Le Texas, triste champion de la pollution plastique

  • Au total, le pays a généré 42 millions de tonnes de déchets plastiques en 2016 selon un rapport publié mercredi
  • En moyenne, chaque Américain génère 130 kilos de déchets plastiques par an, la deuxième position revenant au Royaume-Uni, avec 98 kilos annuels par personne. En France, la moyenne est de 43 kilos

POINT COMFORT, Texas : A 200 kilomètres au sud de Houston, dans la baie de Matagorda où se jette le Colorado, des millions de granulés de plastique s'éparpillent dans la nature. Sur un bateau, Diane Wilson dénonce cette pollution industrielle répétée du géant taïwanais Formosa.

Cette ancienne pêcheuse de crevettes dans le golfe du Mexique documente, depuis des années, les infractions de Formosa Plastics, le quatrième plus gros producteur de plastique au monde, qui s'est installé en 1983 à Point Comfort, près des eaux où elle naviguait.

"Lorsque nous avons fait des prélèvements concernant Formosa, nous avons trouvé 2 000 infractions. Combien en a trouvé l'État du Texas ? Zéro", souligne-t-elle sur le pont d'une embarcation de pêcheur.

L'Américain, recordman pollueur

Les contrôleurs quittent régulièrement "les agences d'État et se font embaucher dans l'usine chimique parce qu'on ne gagne rien à être inspecteur, agent ou directeur exécutif dans une agence environnementale", ajoute-t-elle.

Les Etats-Unis sont de loin le pays contribuant le plus à la pollution plastique dans le monde, selon un rapport publié mercredi. 

Au total, le pays a généré 42 millions de tonnes de déchets plastiques en 2016, selon cette analyse des Académies nationales des sciences, de l'ingénierie et de la médecine.
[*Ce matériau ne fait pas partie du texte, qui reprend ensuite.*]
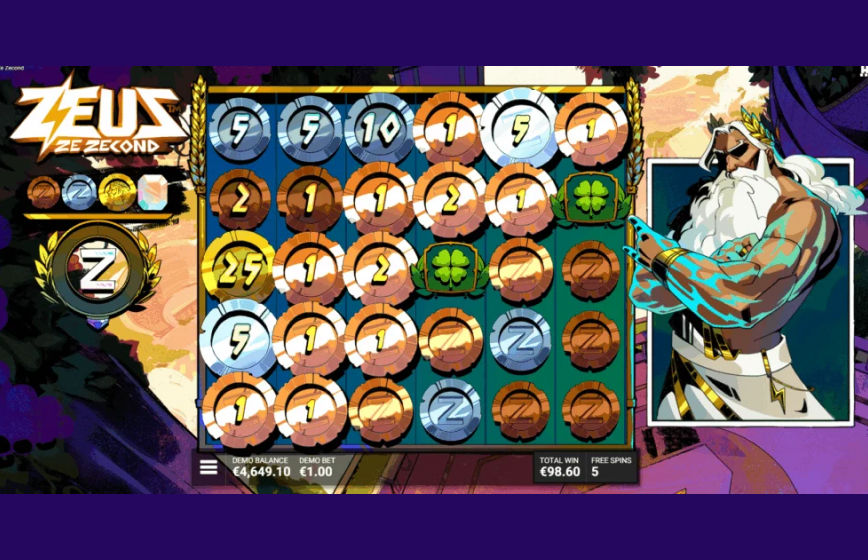 Zeus Ze Zecond Slot Review and Demo Play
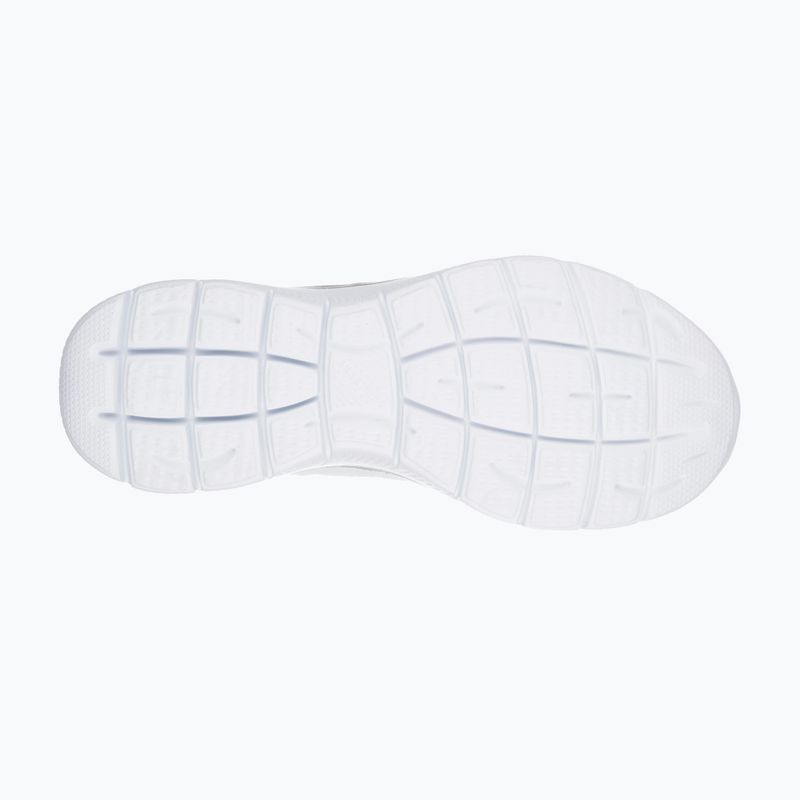 Moteriški treniruočių bateliai SKECHERS Summits Suited white/silver 9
C'est plus du double de la Chine et davantage que tous les pays de l'Union européenne réunis, alors que les Etats-Unis représentent moins de 5% de la population mondiale.

En moyenne, chaque Américain génère 130 kilos de déchets plastiques par an, la deuxième position revenant au Royaume-Uni, avec 98 kilos annuels par personne. En France, la moyenne est de 43 kilos.

Avec seulement 737 habitants, le village de Point Comfort compte désormais 17 unités de production de plastique de Formosa, étalées sur 730 hectares.

Issue d’une famille de quatre générations de pêcheurs, Diane Wilson incarne la lutte contre la pollution du géant taïwanais. 

Cette mère de cinq enfants se bat en particulier contre les granulés de plastique, ressemblant à de petites billes blanches, qui se retrouvent par millions sur la côte, pris dans la végétation ou recouverts de sable.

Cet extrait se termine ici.